Thursday, February 20, 2014

Writing to My Audience

In addition to that pesky "internal editor" that follows me around, poking me in the ribs every day and telling me I'm a terrible writer, I occasionally become frozen by the fear of what others will think if they ever read something I wrote.

Part of the problem is that I have way too many heroes that I would love to impress and hate to disappoint. I think about my English teacher friends who all have incredible brains and are armed with amazing BS detectors. If my writing is crap, they will catch it faster than anyone else.

Then there are others: former professors, teachers, mentors, friends, and family. I can just imagine showing them my first published book (because of course in my imagination everyone will be so excited about it) and the confused looks that will appear on their faces when they read fart jokes, magic, and scary monsters instead of something a little more thought provoking. Like, you know, something a mature adult in her thirties would be expected to write.

A few weeks ago, while banging my head on my keyboard and wallowing in the misery of writing a literary novel I'd been working on since July, I had an epiphany: I am terrible at writing literary fiction. I just don't have the skills to do it. I can critique it all day long, but I can't create it. Not well, anyway. Not yet. Maybe not ever.

And then I remembered my teaching days, shut up in a remedial reading classroom with seventh, eighth and ninth graders who hated reading only slightly more than they hated me (I realize that sounds quite negative, but bear with me). I taught students who's primary experiences with reading had been the humiliation of reading out loud, comprehension testing, timed readings, and misery. All of their associations with books were negative.

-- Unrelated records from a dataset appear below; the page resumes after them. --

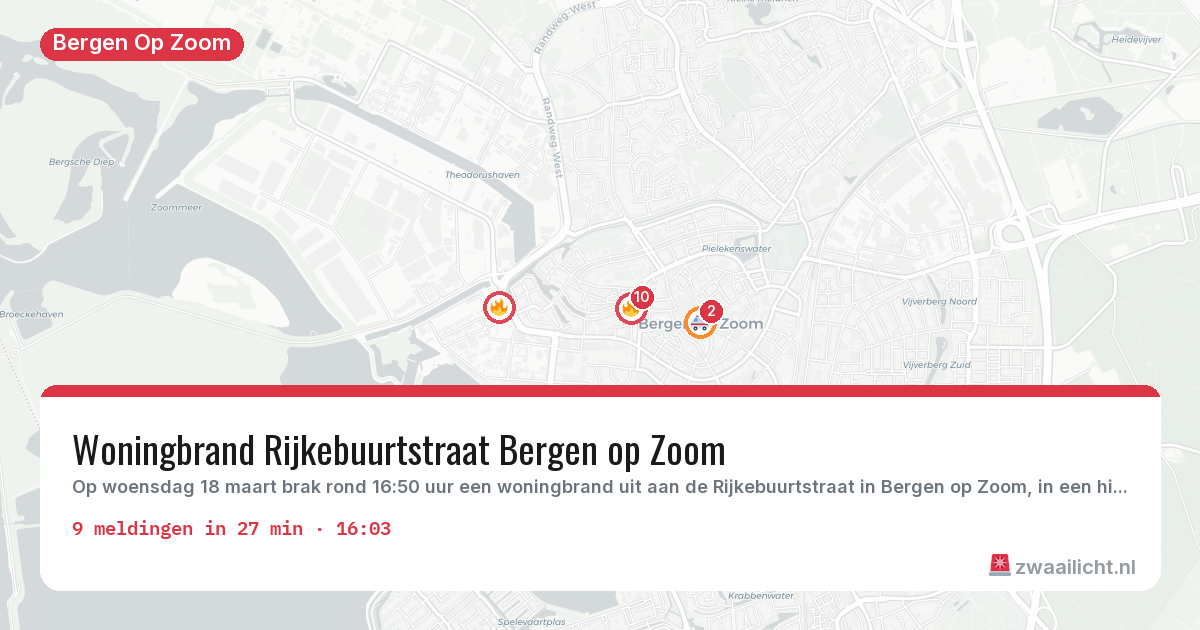 Kaart van de activiteitspiek bij Bergen Op Zoom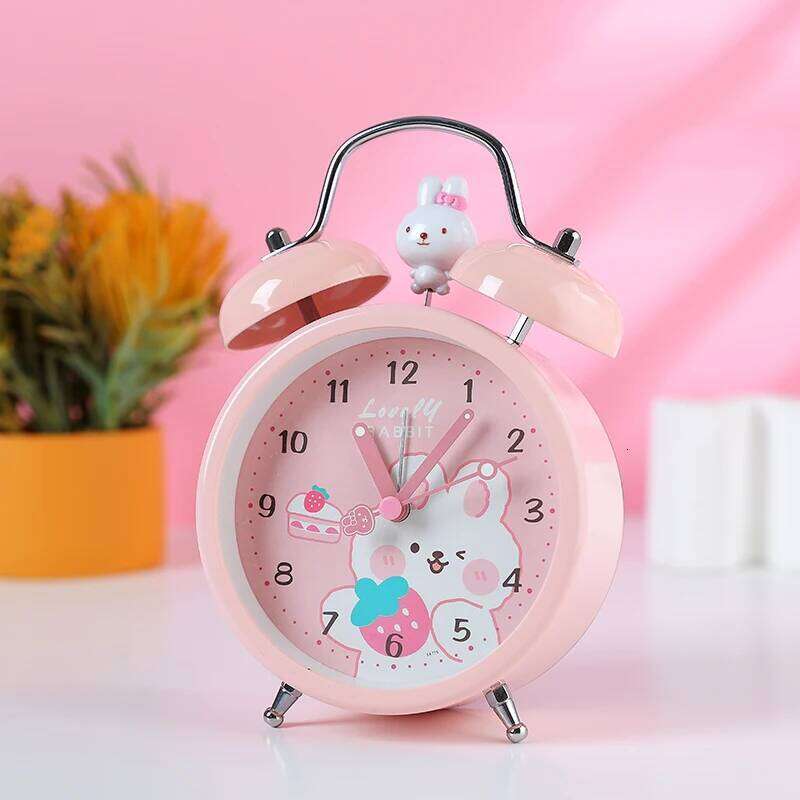 775 4inch Small Size Plastic Alarm Old-fashion Cute Cargoon Bedside Clock High Quality Simple Design Retro Analogue Clocks W260130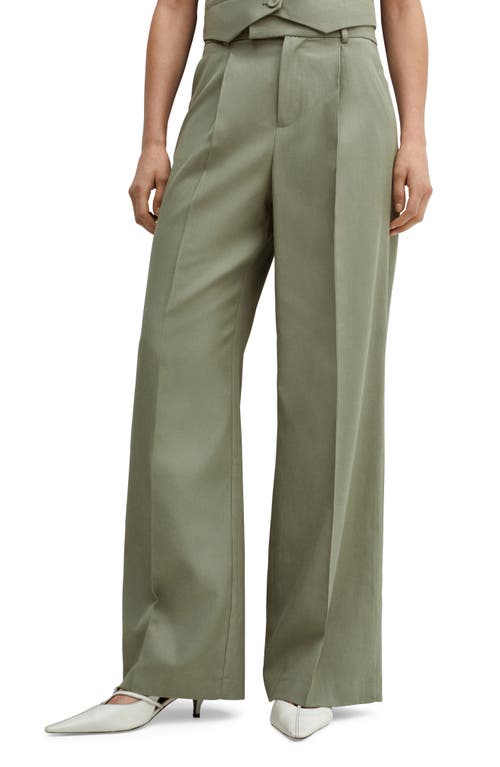 MANGO Alicante High Waist Wide Leg Pants in Pastel Green at Nordstrom, Size 6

I struggled finding fun and interesting material for them to read. So much so, that in my frustration, it actually became easier to write my own short stories tailored to their specific needs and interests.

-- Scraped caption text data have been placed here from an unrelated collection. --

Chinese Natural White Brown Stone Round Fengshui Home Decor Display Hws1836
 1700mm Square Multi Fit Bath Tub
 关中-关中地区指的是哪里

I can't tell you what it felt like to hear my kids who hated reading, who struggled with it and despised it, giggle and snort over something silly I put in my stories.

It was fun.
It was thrilling.
It was fulfilling.
It's the reason I want to be a writer.

And I can't let myself forget it.

I took a break from my literary novel and started writing something new-- something I would have written for my students-- something completely ridiculous and fun.

I guess what I'm saying is, when everyone I know reads my first book and thinks to themselves, "That's the most ridiculous thing I've ever read" if they finish that thought with the phrase "...but for some stupid reason my kids/students love it" then I will know I've done all right for a first timer.